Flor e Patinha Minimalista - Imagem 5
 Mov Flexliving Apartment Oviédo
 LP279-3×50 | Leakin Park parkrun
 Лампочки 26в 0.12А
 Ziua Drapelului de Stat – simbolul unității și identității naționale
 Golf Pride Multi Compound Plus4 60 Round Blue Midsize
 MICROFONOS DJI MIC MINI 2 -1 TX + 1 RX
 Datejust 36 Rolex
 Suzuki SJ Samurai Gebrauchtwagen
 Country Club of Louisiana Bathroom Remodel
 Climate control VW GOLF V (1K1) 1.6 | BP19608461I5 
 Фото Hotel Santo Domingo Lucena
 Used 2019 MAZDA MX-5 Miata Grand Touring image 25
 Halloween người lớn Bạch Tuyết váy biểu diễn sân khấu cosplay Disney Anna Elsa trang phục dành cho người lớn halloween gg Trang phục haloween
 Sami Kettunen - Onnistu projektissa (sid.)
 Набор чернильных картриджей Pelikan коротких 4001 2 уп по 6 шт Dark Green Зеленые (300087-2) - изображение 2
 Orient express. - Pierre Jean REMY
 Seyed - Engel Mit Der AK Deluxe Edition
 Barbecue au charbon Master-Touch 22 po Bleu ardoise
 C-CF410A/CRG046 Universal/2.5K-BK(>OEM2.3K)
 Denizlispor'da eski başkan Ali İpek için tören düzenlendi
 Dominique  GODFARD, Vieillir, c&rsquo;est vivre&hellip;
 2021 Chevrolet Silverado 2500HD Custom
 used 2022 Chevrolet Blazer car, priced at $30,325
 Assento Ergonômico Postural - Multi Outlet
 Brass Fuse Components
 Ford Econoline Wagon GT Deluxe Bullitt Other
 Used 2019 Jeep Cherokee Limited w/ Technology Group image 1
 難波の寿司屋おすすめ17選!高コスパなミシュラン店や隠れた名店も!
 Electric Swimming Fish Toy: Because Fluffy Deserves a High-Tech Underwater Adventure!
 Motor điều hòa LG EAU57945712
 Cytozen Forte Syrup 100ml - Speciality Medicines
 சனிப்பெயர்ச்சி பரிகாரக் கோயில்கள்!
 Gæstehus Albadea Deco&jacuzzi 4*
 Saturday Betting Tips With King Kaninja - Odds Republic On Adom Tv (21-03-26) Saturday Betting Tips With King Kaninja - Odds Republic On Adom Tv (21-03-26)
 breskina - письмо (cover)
################
» Work instructions
Output the material above, all of it, exactly.

» Result
Flor e Patinha Minimalista - Imagem 5
 Mov Flexliving Apartment Oviédo
 LP279-3×50 | Leakin Park parkrun
 Лампочки 26в 0.12А
 Ziua Drapelului de Stat – simbolul unității și identității naționale
 Golf Pride Multi Compound Plus4 60 Round Blue Midsize
 MICROFONOS DJI MIC MINI 2 -1 TX + 1 RX
 Datejust 36 Rolex
 Suzuki SJ Samurai Gebrauchtwagen
 Country Club of Louisiana Bathroom Remodel
 Climate control VW GOLF V (1K1) 1.6 | BP19608461I5 
 Фото Hotel Santo Domingo Lucena
 Used 2019 MAZDA MX-5 Miata Grand Touring image 25
 Halloween người lớn Bạch Tuyết váy biểu diễn sân khấu cosplay Disney Anna Elsa trang phục dành cho người lớn halloween gg Trang phục haloween
 Sami Kettunen - Onnistu projektissa (sid.)
 Набор чернильных картриджей Pelikan коротких 4001 2 уп по 6 шт Dark Green Зеленые (300087-2) - изображение 2
 Orient express. - Pierre Jean REMY
 Seyed - Engel Mit Der AK Deluxe Edition
 Barbecue au charbon Master-Touch 22 po Bleu ardoise
 C-CF410A/CRG046 Universal/2.5K-BK(>OEM2.3K)
 Denizlispor'da eski başkan Ali İpek için tören düzenlendi
 Dominique  GODFARD, Vieillir, c&rsquo;est vivre&hellip;
 2021 Chevrolet Silverado 2500HD Custom
 used 2022 Chevrolet Blazer car, priced at $30,325
 Assento Ergonômico Postural - Multi Outlet
 Brass Fuse Components
 Ford Econoline Wagon GT Deluxe Bullitt Other
 Used 2019 Jeep Cherokee Limited w/ Technology Group image 1
 難波の寿司屋おすすめ17選!高コスパなミシュラン店や隠れた名店も!
 Electric Swimming Fish Toy: Because Fluffy Deserves a High-Tech Underwater Adventure!
 Motor điều hòa LG EAU57945712
 Cytozen Forte Syrup 100ml - Speciality Medicines
 சனிப்பெயர்ச்சி பரிகாரக் கோயில்கள்!
 Gæstehus Albadea Deco&jacuzzi 4*
 Saturday Betting Tips With King Kaninja - Odds Republic On Adom Tv (21-03-26) Saturday Betting Tips With King Kaninja - Odds Republic On Adom Tv (21-03-26)
 breskina - письмо (cover)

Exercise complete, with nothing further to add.